§ **Directions**: Transcribe the listing below from its opening line up to and including the line that contains "Unique Eco-Friendly Square"; reproduce nothing else.

^^^^

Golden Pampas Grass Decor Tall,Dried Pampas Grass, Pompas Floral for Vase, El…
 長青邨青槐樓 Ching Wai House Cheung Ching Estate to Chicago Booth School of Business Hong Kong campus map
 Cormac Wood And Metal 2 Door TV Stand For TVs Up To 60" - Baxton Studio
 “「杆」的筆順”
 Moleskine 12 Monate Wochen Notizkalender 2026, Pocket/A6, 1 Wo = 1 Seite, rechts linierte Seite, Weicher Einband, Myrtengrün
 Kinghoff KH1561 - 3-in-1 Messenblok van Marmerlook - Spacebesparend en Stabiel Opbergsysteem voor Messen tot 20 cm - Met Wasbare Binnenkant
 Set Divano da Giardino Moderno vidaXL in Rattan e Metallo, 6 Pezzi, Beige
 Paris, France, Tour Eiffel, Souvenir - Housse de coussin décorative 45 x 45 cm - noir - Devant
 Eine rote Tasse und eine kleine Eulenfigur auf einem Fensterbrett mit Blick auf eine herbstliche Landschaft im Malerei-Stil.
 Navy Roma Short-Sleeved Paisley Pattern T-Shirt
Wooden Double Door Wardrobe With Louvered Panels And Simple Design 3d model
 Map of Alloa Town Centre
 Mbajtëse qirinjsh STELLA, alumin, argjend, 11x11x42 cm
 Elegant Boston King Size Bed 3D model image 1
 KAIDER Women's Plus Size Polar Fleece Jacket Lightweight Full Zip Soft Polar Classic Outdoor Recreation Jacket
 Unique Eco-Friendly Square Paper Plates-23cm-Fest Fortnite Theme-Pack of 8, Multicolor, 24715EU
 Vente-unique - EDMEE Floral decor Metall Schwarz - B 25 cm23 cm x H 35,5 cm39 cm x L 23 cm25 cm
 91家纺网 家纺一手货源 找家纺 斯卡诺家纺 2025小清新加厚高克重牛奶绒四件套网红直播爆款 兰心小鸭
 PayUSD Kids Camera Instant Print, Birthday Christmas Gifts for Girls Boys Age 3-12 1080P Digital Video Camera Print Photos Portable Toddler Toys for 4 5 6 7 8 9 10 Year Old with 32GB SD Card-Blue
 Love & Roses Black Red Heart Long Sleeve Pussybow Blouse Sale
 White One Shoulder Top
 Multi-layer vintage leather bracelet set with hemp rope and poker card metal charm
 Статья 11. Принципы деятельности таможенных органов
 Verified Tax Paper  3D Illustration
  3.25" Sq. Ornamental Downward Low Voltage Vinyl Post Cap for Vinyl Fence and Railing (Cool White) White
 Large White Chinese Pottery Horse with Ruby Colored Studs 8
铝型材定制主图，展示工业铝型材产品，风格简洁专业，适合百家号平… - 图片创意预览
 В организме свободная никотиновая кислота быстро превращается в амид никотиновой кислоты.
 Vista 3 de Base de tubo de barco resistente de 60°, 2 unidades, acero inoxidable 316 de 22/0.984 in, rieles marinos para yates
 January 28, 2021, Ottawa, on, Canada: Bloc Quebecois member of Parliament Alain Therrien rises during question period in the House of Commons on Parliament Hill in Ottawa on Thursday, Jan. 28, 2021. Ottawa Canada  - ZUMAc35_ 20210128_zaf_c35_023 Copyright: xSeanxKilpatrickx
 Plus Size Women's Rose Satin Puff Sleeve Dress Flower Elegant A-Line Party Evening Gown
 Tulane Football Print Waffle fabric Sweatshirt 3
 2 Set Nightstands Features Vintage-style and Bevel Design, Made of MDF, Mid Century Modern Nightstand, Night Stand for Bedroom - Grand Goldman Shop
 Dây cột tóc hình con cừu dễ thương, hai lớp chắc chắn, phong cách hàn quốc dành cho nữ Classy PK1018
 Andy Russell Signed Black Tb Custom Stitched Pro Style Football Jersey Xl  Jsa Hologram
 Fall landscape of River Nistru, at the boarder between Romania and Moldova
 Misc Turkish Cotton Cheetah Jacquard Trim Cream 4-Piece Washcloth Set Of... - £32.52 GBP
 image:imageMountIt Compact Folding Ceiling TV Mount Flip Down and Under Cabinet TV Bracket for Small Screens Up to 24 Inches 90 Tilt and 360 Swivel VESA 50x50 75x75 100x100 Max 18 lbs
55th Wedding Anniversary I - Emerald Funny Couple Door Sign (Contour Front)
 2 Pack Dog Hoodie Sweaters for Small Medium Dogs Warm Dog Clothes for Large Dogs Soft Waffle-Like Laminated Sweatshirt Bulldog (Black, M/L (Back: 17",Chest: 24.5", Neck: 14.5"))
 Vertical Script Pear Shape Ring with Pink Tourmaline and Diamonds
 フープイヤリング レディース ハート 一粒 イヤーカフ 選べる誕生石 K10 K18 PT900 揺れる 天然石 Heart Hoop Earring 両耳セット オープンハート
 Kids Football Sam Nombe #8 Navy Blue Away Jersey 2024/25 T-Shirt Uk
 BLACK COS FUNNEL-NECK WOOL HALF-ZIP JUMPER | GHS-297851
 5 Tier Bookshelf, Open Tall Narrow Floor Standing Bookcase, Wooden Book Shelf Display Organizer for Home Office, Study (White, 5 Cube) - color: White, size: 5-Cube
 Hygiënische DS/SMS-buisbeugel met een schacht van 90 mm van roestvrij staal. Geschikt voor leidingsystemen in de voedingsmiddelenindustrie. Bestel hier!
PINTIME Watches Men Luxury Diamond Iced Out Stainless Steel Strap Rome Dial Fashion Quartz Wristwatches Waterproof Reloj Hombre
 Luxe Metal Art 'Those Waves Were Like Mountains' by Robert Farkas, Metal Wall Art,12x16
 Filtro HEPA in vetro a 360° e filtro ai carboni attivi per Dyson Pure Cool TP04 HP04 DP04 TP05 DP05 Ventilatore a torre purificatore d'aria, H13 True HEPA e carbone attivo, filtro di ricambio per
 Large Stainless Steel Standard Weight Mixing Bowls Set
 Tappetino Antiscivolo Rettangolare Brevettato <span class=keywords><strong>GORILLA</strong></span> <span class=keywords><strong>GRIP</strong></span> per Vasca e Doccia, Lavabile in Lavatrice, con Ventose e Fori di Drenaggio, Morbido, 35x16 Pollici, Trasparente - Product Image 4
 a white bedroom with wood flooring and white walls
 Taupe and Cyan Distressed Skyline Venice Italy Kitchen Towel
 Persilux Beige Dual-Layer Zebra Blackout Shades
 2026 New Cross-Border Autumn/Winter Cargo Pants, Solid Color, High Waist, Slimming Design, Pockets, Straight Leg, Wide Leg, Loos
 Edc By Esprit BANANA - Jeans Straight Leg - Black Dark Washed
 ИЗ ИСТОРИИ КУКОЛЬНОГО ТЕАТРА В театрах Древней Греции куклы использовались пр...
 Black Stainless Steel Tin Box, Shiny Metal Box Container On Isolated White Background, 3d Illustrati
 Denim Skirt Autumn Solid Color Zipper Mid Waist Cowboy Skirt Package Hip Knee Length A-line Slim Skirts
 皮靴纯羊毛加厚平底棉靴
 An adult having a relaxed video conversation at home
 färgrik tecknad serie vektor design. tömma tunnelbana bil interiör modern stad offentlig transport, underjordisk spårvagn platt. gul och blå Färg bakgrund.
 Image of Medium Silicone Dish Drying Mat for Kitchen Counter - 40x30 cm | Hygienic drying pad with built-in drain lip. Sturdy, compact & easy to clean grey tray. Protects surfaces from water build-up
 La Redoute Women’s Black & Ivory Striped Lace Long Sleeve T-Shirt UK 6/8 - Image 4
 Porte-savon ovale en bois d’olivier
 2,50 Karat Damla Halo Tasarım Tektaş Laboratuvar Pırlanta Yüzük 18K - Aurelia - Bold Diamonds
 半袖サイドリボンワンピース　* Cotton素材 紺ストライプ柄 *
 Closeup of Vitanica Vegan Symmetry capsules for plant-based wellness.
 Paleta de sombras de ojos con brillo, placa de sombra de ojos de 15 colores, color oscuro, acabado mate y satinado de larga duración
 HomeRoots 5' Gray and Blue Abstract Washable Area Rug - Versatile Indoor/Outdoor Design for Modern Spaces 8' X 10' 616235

^^^^

§ **Result**:
Golden Pampas Grass Decor Tall,Dried Pampas Grass, Pompas Floral for Vase, El…
 長青邨青槐樓 Ching Wai House Cheung Ching Estate to Chicago Booth School of Business Hong Kong campus map
 Cormac Wood And Metal 2 Door TV Stand For TVs Up To 60" - Baxton Studio
 “「杆」的筆順”
 Moleskine 12 Monate Wochen Notizkalender 2026, Pocket/A6, 1 Wo = 1 Seite, rechts linierte Seite, Weicher Einband, Myrtengrün
 Kinghoff KH1561 - 3-in-1 Messenblok van Marmerlook - Spacebesparend en Stabiel Opbergsysteem voor Messen tot 20 cm - Met Wasbare Binnenkant
 Set Divano da Giardino Moderno vidaXL in Rattan e Metallo, 6 Pezzi, Beige
 Paris, France, Tour Eiffel, Souvenir - Housse de coussin décorative 45 x 45 cm - noir - Devant
 Eine rote Tasse und eine kleine Eulenfigur auf einem Fensterbrett mit Blick auf eine herbstliche Landschaft im Malerei-Stil.
 Navy Roma Short-Sleeved Paisley Pattern T-Shirt
Wooden Double Door Wardrobe With Louvered Panels And Simple Design 3d model
 Map of Alloa Town Centre
 Mbajtëse qirinjsh STELLA, alumin, argjend, 11x11x42 cm
 Elegant Boston King Size Bed 3D model image 1
 KAIDER Women's Plus Size Polar Fleece Jacket Lightweight Full Zip Soft Polar Classic Outdoor Recreation Jacket
 Unique Eco-Friendly Square Paper Plates-23cm-Fest Fortnite Theme-Pack of 8, Multicolor, 24715EU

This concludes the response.